_DESCRIPTION OF THE TASK_:
Transcribe word for word the lines below from the line with "CRC : HCG BANGALORE" through the line with "colorectal cancer: A", ends included.

_EXERCISE MATERIALS_:
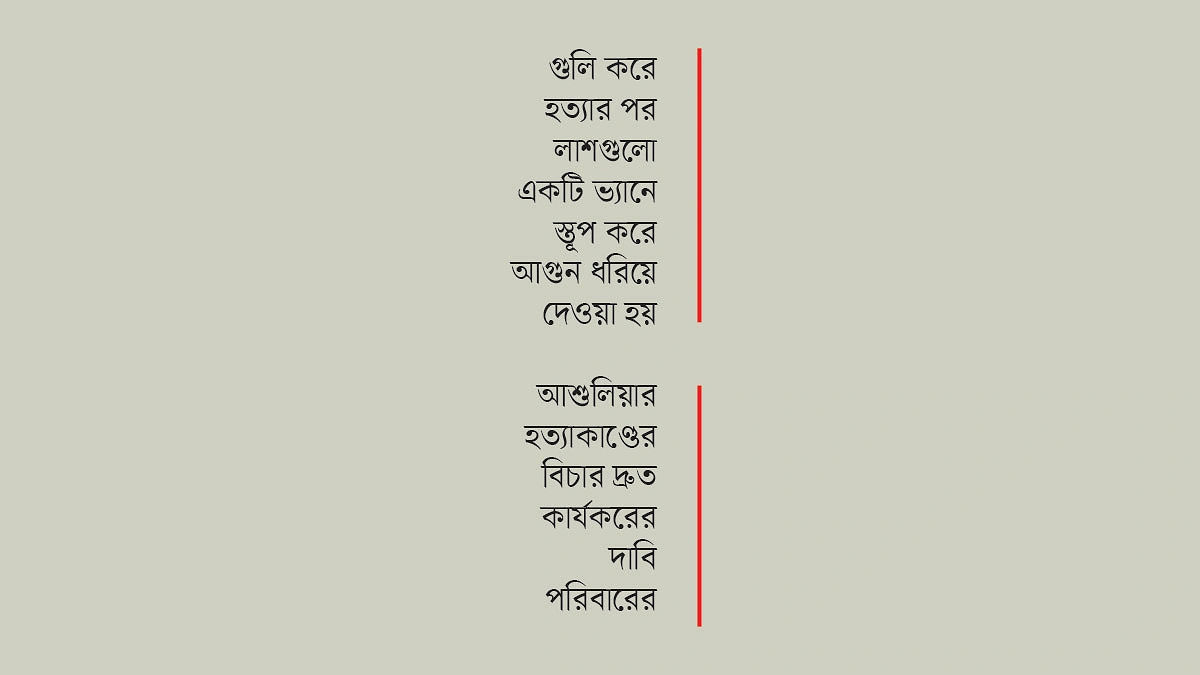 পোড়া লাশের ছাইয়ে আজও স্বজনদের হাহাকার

---

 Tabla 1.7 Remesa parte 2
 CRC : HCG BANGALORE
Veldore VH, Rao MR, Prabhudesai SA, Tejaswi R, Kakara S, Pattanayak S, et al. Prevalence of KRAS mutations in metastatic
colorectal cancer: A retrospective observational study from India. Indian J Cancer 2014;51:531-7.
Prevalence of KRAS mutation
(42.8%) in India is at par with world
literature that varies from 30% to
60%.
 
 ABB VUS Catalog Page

_YOUR SOLUTION_:
 CRC : HCG BANGALORE
Veldore VH, Rao MR, Prabhudesai SA, Tejaswi R, Kakara S, Pattanayak S, et al. Prevalence of KRAS mutations in metastatic
colorectal cancer: A retrospective observational study from India. Indian J Cancer 2014;51:531-7.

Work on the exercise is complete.